You could argue that Aqueduct Racetrack has two birthdays, not one. Opened September 27, 1894, the original track was a utilitarian kind of place, even in the choice of its name. Operated by the Queens County Jockey Club, Aqueduct was named for its location: a property in South Ozone Park, Queens on which a conduit belonging to the Brooklyn Water Works delivered water to New York City from the vast Hempstead Plain.
At the time, the future looked challenging for Aqueduct. New York was full of fledging tracks, from Gravesend Race Track and Sheepshead Bay Race Track in Brooklyn to the more glamorous Morris Park Racecourse in the Bronx and upstate at Saratoga. But from the get-go, Aqueduct seemed to find a way, as in 1895 when a wealthy tugboat skipper, Captain William Carter, endowed the track with a significant amount of money to stage a major race. The appropriately named Carter Handicap, still run today, enabled the Jockey Club to begin drawing top horses, and it helped turn a bare-bones track into a respectable, long-term racing attraction.

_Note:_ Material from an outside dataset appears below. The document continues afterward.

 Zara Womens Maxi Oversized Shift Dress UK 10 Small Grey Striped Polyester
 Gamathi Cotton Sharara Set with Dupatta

Fast forward to September 14, 1959 when 42,473 fans including New York Governor Nelson Rockefeller helped to inaugurate the “new” Aqueduct, quickly dubbed “the Big A,” after a three-year $34.5 million renovation project that featured a new four-tier grandstand. Designed by the renowned track architects Arthur Froehlich and Associates of Beverly Hills, California, the remodeled track was state-of-the-art for its day from the 18 escalators and elevator to 20,000 seats and another 14,000 in air-conditioned restaurants and lounges. The Associated Press called it “the world’s most modern and luxurious horse plant.”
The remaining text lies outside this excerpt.